Restricting Video Playback Using IP Address

This topic provides an overview of how IP address restriction can be used to limit video distribution.

Overview

In order to limit video playback to internal viewers only, Video Cloud Enterprise publishers can use IP address restriction. This approach prevents all the players in an account from loading unless the browser loading the player uses one of a specified list (whitelist) of allowed IP addresses. This provides a level of security that goes beyond domain restriction or geo-restriction.

When you set up IP address restriction, it applies to all the players in that account. You will need to use a separate account for players and videos that you want to make publicly available.

When a user tries to load a page that contains a Video Cloud player from an address that is not on the whitelist, they will see an error message that says "The video you are trying to watch cannot be viewed from your current country or location."

How to set up IP address restriction

To set up IP address restriction for one of your Video Cloud accounts, contact Brightcove Support. You will need to work with Support to identify or create an account for this purpose and provide a text file that contains your IP address whitelist.

Creating an IP address whitelist

To set up IP address restriction for one of your Video Cloud accounts, you need to provide Brightcove Support with a whitelist of the IP addresses that should be allowed to load Video Cloud players. Most companies use one or more gateways through which internal corporate traffic reaches the outside Internet. Your IP address whitelist should include the IP addresses of all of these gateways.

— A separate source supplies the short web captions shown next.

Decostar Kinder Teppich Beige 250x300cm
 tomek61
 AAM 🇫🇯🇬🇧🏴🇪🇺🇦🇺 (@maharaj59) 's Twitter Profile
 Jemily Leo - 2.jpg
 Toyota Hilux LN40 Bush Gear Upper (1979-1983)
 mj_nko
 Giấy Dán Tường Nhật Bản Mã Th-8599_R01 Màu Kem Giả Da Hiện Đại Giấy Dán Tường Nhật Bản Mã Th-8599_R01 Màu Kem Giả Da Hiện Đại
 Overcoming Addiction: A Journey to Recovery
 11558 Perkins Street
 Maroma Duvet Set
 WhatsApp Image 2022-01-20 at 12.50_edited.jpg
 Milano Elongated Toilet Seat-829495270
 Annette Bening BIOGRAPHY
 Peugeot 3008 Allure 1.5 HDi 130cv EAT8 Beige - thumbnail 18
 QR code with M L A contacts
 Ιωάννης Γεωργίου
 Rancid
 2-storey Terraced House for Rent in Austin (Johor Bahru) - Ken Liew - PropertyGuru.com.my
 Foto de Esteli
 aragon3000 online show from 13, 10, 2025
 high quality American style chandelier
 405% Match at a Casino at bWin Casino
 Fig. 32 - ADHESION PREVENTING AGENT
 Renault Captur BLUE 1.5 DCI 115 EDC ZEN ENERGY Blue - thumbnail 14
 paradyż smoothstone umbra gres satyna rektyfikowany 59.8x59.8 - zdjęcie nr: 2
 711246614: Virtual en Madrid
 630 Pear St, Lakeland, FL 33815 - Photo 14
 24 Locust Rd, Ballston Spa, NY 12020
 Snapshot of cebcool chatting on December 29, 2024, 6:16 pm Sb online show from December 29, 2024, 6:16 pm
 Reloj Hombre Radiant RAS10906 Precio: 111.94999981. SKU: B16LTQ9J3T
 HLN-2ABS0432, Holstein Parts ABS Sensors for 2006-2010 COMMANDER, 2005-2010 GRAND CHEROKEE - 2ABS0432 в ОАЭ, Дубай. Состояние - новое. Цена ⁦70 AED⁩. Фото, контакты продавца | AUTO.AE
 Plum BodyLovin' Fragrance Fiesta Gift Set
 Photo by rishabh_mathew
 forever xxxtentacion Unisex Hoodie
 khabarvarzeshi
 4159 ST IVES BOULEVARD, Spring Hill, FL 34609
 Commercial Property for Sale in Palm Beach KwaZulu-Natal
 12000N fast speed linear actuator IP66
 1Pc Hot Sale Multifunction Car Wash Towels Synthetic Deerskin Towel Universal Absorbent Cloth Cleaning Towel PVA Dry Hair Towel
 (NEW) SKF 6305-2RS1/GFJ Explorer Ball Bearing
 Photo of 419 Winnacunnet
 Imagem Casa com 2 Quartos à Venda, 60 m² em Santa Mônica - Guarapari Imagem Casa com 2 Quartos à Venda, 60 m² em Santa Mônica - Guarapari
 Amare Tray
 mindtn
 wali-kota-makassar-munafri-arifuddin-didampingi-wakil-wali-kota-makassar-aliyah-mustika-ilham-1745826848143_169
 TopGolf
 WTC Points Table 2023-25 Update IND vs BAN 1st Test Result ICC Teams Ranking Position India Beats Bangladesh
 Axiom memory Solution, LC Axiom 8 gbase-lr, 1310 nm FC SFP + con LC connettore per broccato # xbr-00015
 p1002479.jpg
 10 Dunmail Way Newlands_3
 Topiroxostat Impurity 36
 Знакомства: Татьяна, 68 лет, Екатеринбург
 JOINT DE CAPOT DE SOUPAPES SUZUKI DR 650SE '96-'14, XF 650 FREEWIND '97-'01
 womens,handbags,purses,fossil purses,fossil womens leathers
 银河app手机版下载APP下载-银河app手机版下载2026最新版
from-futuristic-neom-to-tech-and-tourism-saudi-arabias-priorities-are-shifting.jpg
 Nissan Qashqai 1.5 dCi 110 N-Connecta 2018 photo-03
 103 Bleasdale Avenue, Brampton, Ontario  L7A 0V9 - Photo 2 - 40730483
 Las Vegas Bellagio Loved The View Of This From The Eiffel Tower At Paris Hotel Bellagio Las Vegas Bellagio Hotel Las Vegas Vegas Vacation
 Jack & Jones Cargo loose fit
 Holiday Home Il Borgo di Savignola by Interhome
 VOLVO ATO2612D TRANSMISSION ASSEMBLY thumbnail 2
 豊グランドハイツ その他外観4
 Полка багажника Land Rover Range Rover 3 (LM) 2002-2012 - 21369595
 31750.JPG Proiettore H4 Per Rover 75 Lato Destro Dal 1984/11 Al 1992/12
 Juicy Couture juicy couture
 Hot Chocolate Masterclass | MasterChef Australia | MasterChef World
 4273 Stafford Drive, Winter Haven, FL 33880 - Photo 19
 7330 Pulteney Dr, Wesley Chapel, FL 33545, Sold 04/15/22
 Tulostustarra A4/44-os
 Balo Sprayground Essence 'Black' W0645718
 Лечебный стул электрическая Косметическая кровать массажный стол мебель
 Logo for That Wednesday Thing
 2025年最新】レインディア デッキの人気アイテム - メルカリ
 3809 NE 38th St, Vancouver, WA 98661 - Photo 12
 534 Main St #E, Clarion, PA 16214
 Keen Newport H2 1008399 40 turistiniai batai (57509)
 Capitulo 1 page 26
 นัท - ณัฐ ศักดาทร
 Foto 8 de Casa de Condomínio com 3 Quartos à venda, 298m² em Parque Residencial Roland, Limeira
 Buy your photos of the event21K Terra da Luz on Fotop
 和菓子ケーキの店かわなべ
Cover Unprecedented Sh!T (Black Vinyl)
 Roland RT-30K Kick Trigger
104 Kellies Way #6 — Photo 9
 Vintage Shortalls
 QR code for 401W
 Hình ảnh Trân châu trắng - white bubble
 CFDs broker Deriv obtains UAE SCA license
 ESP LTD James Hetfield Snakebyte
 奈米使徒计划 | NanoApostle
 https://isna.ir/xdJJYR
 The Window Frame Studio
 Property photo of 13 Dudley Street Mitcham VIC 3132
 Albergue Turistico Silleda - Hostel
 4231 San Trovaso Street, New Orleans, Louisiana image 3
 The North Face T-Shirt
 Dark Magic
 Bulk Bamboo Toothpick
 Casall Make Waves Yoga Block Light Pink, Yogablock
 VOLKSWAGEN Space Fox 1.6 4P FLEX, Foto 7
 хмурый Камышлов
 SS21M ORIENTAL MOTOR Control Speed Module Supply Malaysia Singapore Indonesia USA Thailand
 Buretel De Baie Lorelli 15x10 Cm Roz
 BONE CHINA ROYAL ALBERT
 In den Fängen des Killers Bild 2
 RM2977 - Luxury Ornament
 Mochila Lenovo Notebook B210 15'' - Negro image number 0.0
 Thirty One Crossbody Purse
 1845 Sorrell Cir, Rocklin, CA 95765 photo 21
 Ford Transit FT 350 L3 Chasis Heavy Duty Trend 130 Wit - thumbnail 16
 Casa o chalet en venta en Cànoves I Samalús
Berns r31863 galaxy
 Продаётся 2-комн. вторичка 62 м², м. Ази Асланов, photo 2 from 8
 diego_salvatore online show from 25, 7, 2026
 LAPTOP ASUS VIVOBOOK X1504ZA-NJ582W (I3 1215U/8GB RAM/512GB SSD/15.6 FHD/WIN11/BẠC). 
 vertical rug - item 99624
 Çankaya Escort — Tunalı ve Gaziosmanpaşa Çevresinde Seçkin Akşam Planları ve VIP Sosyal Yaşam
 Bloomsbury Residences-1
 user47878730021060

The whitelist should include each IP address on a separate line. You can also include a range of IP addresses. For example:

38.39.23.40
38.39.23.48
38.39.23.50-38.112.23.69
38.39.23.100-38.112.23.199

You can use subnet masks in Dot-decimal notation, such as:

38.39.23.50/255.255.255.0

You can also use CIDR block notation, such as:

38.39.23.50|24

38.39.23.50/24

Video Cloud content

When using the Playback API to retrieve content from a Video Cloud account which is configured for IP restrictions, you must use the following instead of the standard URL:

https://edge-elb.api.brightcove.com/playback/v1

Use edge-elb.api... vs the normal edge.api...

Implementation details

When a Brightcove Player is asked to load a video from a Video Cloud account, it connects to the catalog at this address:

https://edge.api.brightcove.com/playback/v1/.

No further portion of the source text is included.